What the task requires: Set down again exactly the lines of the listing below that fall between the line holding "321/10 Village Place, Kirrawee, NSW 2232" and the line holding "Image Lunette arriere - VOLVO C 30", inclusive.

- Opening Delimiter -

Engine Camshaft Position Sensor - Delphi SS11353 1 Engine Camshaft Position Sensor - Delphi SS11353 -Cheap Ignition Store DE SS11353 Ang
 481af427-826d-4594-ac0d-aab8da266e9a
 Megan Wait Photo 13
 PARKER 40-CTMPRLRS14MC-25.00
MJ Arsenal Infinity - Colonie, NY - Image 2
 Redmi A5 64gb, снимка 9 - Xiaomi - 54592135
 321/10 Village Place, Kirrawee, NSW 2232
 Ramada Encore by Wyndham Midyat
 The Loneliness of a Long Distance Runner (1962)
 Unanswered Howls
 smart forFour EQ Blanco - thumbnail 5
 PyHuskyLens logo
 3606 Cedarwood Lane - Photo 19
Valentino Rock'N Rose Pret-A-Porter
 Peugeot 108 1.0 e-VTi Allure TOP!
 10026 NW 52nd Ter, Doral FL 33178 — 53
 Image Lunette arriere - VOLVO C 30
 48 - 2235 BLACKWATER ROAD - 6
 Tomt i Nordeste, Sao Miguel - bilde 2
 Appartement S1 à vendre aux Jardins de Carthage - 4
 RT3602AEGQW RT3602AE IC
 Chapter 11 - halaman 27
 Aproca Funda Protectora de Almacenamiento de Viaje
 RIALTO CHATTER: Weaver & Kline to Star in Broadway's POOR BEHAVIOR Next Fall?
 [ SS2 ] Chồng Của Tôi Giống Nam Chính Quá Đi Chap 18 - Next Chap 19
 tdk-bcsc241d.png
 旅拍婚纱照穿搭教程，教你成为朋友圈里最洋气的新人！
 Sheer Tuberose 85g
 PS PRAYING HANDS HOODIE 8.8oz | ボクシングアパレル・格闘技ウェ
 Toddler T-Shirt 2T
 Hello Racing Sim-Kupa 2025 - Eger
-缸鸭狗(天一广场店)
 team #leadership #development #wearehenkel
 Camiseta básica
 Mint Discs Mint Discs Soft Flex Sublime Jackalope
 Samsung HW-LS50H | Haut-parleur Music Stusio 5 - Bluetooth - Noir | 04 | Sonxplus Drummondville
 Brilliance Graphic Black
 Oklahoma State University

- Closing Delimiter -

Answer to the problem:
 321/10 Village Place, Kirrawee, NSW 2232
 Ramada Encore by Wyndham Midyat
 The Loneliness of a Long Distance Runner (1962)
 Unanswered Howls
 smart forFour EQ Blanco - thumbnail 5
 PyHuskyLens logo
 3606 Cedarwood Lane - Photo 19
Valentino Rock'N Rose Pret-A-Porter
 Peugeot 108 1.0 e-VTi Allure TOP!
 10026 NW 52nd Ter, Doral FL 33178 — 53
 Image Lunette arriere - VOLVO C 30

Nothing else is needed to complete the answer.